Il est préférable d’éviter l’expression « recherche d’idées » pour lancer les élèves sur l’identification d’arguments, ceci afin de distinguer fermement arguments et exemples, deux composantes de l’argumentation dont les natures et les fonctions respectives diffèrent. En outre, ce sont aussi les procédures de recherche qui se distinguent, car des compétences spécifiques doivent être mobilisées. Si la recherche d’exemples met en branle une compétence « encyclopédique » (connaissance « diffuse » du monde ou connaissances précises en histoire, en géographie, etc.), la recherche d’arguments s’appuie, elle, sur la compétence linguistique. Il s’agit ainsi d’expliquer aux élèves que la recherche d’arguments ou de contre-arguments en faveur d’un énoncé est une recherche de ce qui fonde la cohérence ou l’incohérence potentielle de cet énoncé, et que ceci passe alors nécessairement par une analyse du sens des mots, afin d’identifier des propriétés (des aspects de la signification des mots clés de l’énoncé) qui fondent cette cohérence ou cette incohérence.

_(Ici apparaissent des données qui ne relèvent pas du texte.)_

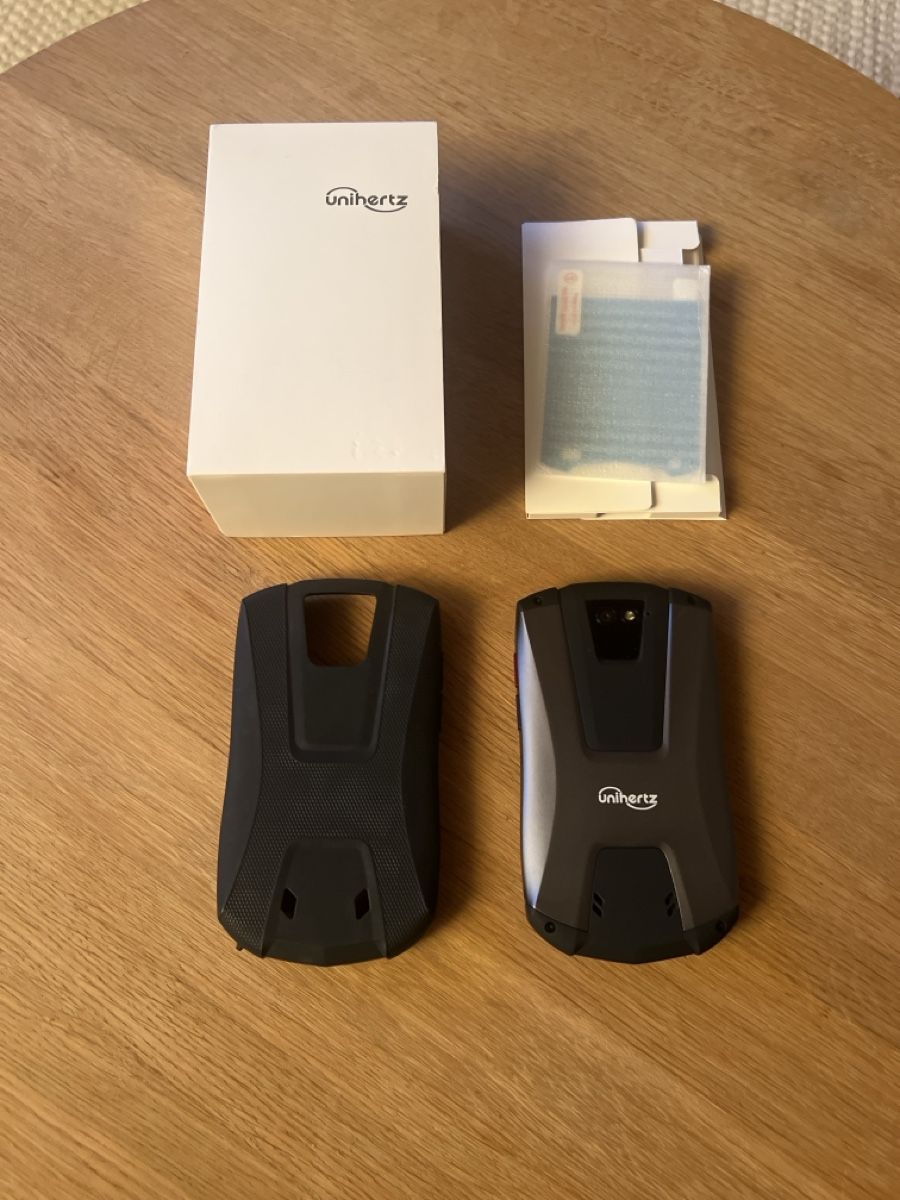 Telefoni cellulari / Smartphones: unihertz titan pocket – Usato da Zürich venduto da nabisco 1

Ancrer la recherche d’arguments dans une interrogation de la composante sémantique des termes clés d’un énoncé a par ailleurs des avantages dans la pratique pédagogique. Les élèves ne connaissent peut-être pas grand-chose à la thématique évoquée par l’énoncé, mais ils connaissent le sens des mots que l’on emploie pour évoquer de telles réalités. De même, la mise au jour de ce qui fonde la cohérence ou l’incohérence potentielle d’un énoncé est une tâche qu’ils connaissent déjà en partie, car cela relève de l’identification d’une isotopie (ou d’une rupture d’isotopie). Enfin, en cas d’hésitation, les élèves disposent d’un outil sous la forme du dictionnaire de langue. Il importe cependant de rendre les élèves sensibles au fait que le dictionnaire ne suffit pas dans cette recherche, car cet outil ne répertorie pas l’entier des propriétés que l’on peut faire entrer dans la signification d’un mot.